They cannot keep themselves, but he keeps them. And then,
in the third place, as I said, we have something else here,
we have the certainty of it. the source of it is in God it
is God himself who is the one who watches over his people and
it is a constant care that he has of them and so their preservation
is assured is it not? we need to mark that opening
word surely that's how it's rendered I said
some suggest it could be rendered only goodness and mercy, that's
the truth, but this is the way in which the translators have
seen fit to render it into our English language and it has this
note of certitude surely for there is no possibility of God's
care in any sense failing I know that when we speak in terms of
the great doctrines of grace, the five points of Calvinism,
we speak of that fifth of the points, the letter P in TULIP,
standing for the perseverance of the saints, and that's a truth.
It is a truth that is unfolding. God's people do persevere. But
why is it that God's people persevere? either shall endure to the end,
it says, the same shall be saved. Why do they persevere? Because
God preserves them. God is the preserver of his saints. And God so works in them, you
see, that they do persevere. That faith that God has given
to them, that faith that has come into their souls, that faith
of the operation of God, is not something that is there for a
moment. Oh yes, there are those seasons
where there might be darkness, where the believer may be downcast. Why art thou cast down, O my
soul? Why art thou disquieted within
me? Says the psalmist in another
of the Psalms, Hope thou in God. I shall yet praise Him who is
the house of my countenance and my God." There are those dark
seasons but God's people are preserved. Why? They are in Christ and there
is of course that eternal union. They were chosen in Him before
the foundation of the world and once in Him, in Him forever thus
the eternal covenant stands. But when they, in their soul's
experience, come into Christ, and they must be that of course,
they must not only understand something of eternal union, but
something of an experimental union. Those who in their very
natures are dead in trespasses and sins, so they be the election
of grace. And when the Lord does bring
them to Himself, why then they persevere? because God has given
them that persevering faith, but God is the preserver. Surely,
goodness and mercy shall follow me all the days of my life. Now why is it that it is all
so sure and so certain? Well is it not in part because
of what we read previously there in verse 3, He leadeth me in
the paths of righteousness says David, for his name's sake. This is how the Lord leads his
people. And why does he lead them in such paths of righteousness?
For his name's sake. And what a statement is that,
friends. It's God's name. In God's name,
of course, he's got revelation of himself, it's the declaration
of his very character. When Daniel begins to pray to
God, there in that ninth chapter, you remember the great prayer
of Daniel, the prophets, there in Babylon, reading in the book
of the Prophet Jeremiah and understanding that there were to be some 70
years accomplished in the exile and after 70 years God had determined
He would bring His people out of the captivity and what does
He do? He sets His face and He begins
to pray to God and listen to the language of His prayer there
in Daniel 9 verse 4, Oh Lord, He says hearken and do. Defer not for thine own sake."

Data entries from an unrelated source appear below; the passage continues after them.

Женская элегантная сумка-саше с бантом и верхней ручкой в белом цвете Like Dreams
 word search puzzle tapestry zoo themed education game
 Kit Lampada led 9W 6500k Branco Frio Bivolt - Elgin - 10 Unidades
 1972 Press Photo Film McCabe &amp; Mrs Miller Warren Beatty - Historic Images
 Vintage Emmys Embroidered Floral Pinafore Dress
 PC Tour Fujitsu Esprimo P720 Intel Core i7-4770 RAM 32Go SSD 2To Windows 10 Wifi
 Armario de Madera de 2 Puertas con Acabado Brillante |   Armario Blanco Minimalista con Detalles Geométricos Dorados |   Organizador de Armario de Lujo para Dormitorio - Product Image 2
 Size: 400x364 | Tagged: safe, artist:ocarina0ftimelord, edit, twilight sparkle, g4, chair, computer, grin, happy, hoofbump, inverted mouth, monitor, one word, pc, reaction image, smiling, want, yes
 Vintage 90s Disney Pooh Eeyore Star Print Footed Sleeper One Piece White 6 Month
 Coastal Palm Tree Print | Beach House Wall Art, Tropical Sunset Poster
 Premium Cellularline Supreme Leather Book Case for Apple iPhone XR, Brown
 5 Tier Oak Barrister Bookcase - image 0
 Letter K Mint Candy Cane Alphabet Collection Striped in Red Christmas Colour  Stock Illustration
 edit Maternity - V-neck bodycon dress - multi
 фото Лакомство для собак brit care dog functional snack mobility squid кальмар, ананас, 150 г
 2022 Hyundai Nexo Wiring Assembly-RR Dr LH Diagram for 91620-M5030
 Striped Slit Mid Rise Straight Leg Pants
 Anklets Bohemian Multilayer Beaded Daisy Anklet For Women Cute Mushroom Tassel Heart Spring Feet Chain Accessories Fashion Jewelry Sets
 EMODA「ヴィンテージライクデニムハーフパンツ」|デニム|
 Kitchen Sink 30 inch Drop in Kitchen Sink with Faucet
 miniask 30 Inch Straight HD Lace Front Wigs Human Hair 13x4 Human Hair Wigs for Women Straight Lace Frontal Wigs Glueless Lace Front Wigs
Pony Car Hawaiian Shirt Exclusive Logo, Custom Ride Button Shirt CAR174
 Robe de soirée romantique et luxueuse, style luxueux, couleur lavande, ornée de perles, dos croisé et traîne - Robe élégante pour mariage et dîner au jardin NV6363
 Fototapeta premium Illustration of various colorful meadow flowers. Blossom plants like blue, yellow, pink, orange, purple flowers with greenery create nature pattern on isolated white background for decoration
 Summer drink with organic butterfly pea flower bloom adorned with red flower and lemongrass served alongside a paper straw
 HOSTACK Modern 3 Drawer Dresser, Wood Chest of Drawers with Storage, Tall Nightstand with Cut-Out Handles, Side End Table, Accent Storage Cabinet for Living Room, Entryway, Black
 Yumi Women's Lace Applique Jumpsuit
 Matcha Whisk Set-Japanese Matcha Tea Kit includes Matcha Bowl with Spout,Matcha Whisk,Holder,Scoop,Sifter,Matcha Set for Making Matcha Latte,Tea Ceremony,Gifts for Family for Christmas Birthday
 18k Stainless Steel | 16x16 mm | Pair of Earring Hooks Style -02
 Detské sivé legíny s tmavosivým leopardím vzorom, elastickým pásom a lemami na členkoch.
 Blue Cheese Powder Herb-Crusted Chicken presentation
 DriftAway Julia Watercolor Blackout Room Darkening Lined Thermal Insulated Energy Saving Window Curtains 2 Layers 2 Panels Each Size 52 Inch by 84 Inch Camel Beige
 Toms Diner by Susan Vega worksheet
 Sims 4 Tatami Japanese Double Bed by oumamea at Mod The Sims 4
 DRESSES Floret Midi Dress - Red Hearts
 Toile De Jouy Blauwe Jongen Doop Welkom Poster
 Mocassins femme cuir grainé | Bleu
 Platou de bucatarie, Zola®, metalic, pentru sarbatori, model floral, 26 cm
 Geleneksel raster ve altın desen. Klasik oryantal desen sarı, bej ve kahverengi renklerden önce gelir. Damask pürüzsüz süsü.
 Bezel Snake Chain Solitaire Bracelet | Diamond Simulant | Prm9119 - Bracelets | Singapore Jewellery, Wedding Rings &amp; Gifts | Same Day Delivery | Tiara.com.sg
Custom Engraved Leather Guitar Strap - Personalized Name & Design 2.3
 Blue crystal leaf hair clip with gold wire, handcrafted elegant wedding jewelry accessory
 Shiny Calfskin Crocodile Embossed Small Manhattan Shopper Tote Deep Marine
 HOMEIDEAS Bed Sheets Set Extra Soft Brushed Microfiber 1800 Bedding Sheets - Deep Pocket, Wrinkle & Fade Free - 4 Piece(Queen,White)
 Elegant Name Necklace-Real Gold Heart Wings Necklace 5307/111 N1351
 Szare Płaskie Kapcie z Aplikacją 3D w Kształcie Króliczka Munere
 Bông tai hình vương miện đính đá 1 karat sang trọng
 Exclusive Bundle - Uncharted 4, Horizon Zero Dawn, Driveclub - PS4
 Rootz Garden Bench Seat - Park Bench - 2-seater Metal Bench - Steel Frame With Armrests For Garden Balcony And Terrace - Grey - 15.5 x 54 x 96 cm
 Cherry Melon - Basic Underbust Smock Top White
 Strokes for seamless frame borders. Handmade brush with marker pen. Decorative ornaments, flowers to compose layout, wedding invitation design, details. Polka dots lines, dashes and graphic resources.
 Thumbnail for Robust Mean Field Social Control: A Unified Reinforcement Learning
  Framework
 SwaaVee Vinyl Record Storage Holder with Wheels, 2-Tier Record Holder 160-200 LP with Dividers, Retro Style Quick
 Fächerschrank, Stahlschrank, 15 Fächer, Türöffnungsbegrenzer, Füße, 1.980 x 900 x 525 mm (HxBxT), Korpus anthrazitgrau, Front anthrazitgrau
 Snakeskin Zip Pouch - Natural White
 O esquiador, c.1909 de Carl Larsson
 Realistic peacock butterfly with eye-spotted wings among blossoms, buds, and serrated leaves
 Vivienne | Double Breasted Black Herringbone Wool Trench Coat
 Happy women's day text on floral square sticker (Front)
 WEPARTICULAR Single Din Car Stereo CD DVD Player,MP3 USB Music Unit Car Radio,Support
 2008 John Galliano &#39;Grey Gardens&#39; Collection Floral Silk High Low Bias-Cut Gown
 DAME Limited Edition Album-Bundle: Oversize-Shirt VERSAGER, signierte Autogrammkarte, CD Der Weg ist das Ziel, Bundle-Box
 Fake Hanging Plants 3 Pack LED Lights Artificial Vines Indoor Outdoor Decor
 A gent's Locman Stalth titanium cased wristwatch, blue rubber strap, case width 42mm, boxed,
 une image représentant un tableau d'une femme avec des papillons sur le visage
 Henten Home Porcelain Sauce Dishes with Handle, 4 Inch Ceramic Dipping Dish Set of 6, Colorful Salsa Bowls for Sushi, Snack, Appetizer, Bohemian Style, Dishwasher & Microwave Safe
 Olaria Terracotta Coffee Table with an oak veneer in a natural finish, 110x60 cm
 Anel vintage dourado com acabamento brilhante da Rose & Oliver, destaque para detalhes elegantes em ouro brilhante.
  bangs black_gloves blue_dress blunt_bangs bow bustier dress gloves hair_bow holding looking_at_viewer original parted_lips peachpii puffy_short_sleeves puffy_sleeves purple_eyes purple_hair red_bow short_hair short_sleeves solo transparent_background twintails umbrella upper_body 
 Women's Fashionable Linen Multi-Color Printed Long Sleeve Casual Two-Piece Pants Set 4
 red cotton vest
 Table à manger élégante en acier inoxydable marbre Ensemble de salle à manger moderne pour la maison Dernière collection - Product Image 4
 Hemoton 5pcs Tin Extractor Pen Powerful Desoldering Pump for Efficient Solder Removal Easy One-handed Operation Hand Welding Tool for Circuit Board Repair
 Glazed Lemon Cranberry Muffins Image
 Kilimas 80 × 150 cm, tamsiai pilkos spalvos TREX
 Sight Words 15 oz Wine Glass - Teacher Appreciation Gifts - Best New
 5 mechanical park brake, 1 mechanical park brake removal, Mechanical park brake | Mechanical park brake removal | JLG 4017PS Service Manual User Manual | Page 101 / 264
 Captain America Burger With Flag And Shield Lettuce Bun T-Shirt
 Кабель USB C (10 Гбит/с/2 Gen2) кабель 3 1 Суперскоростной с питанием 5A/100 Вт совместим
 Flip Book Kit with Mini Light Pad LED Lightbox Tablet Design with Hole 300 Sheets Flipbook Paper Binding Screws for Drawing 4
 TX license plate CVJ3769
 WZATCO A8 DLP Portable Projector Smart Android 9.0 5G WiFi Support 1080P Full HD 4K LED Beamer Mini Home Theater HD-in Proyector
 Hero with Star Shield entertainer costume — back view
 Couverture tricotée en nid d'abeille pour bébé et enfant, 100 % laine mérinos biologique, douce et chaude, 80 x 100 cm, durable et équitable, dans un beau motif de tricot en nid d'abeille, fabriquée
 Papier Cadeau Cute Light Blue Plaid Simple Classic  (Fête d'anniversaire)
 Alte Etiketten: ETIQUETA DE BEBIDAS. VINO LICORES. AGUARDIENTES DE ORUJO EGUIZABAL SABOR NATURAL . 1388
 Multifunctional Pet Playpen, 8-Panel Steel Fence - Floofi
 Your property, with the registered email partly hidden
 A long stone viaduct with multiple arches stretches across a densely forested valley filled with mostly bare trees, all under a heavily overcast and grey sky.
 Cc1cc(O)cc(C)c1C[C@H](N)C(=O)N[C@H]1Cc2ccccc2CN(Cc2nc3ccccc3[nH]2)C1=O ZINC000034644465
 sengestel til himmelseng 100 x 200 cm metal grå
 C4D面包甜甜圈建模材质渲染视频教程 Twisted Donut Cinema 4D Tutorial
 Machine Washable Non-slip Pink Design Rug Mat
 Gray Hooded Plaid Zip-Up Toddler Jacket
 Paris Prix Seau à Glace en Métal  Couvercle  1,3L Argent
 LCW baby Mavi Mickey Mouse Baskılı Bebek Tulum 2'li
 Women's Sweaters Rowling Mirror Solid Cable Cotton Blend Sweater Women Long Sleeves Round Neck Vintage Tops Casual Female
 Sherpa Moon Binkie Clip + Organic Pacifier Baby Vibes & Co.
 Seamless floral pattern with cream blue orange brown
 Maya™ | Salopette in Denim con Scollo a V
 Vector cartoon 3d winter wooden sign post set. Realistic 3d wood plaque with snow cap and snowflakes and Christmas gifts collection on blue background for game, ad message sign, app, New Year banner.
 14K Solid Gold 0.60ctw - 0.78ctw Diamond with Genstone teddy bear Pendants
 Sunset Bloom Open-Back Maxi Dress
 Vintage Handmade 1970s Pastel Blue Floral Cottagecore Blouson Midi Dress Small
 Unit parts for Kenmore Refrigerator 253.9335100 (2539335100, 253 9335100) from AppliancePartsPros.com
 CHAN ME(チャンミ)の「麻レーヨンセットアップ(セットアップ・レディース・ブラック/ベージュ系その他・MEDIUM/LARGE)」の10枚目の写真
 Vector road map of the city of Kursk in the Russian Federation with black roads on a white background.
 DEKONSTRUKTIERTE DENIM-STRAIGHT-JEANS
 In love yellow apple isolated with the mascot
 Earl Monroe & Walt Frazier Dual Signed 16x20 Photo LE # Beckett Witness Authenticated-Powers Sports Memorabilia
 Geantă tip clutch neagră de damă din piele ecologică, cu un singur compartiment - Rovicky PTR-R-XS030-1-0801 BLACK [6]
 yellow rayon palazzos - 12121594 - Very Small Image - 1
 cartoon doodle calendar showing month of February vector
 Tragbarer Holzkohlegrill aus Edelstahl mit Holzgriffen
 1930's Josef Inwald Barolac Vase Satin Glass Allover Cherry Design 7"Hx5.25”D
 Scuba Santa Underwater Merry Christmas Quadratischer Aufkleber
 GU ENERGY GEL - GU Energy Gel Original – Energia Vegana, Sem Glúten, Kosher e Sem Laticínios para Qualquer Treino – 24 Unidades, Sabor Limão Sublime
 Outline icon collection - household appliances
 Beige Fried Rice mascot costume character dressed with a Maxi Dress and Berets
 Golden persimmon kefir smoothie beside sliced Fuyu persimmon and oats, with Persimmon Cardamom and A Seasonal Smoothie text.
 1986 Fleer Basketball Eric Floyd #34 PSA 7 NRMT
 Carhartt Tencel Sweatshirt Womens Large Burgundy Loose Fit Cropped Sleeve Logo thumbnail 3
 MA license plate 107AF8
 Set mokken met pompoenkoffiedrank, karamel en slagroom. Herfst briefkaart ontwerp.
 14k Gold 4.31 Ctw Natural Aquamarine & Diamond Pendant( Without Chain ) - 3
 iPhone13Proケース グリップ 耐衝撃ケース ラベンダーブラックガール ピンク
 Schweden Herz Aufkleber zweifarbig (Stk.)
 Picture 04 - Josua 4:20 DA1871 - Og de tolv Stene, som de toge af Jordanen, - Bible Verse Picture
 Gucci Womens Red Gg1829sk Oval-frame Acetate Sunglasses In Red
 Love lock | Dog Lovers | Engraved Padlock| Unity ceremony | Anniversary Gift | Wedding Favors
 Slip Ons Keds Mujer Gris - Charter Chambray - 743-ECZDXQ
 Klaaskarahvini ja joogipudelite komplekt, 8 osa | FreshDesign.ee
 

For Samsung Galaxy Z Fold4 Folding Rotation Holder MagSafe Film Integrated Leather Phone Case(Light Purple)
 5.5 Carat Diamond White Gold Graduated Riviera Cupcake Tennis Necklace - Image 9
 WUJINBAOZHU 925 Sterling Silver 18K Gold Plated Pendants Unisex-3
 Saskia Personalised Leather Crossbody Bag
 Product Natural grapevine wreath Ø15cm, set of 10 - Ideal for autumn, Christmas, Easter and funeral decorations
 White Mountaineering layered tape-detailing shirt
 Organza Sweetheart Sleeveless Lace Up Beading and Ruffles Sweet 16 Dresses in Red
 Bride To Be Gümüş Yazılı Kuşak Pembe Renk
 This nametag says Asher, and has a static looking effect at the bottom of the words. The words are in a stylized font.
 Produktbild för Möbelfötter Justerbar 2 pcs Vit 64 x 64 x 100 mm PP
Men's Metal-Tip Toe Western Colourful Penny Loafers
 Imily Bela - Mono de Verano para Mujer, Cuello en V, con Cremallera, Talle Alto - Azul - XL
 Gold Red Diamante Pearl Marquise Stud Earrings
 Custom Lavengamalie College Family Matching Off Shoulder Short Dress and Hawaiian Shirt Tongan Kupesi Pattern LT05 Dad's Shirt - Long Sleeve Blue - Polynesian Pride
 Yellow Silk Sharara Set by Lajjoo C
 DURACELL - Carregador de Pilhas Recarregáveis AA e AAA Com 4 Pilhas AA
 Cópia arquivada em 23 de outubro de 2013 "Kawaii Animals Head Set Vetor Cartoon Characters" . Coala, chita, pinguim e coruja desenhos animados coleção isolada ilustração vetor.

Well, there's his prayer. For thine own sake. And we have
it again in other scriptures. We have it here in the 25th Psalm. And verse 11, For thy name's
sake, O Lord, pardon mine iniquity, for it is great. Where is their
pardon? Why it's in the very character
of God. My sin, my iniquity, it's so great it overwhelms me.
I feel it. How can I know forgiveness? Why
forgiveness is in God? And we see it in the very character
of God. Those lovely words at the end
of the prophet Micah. Who is a god like unto the earth,
that pardoneth iniquity and passeth by the transgression of the remnant
of his heritage? He retaineth not his anger for
ever, because he delighteth in mercy. He will turn again, he
will have compassion upon us, he will subdue our iniquities.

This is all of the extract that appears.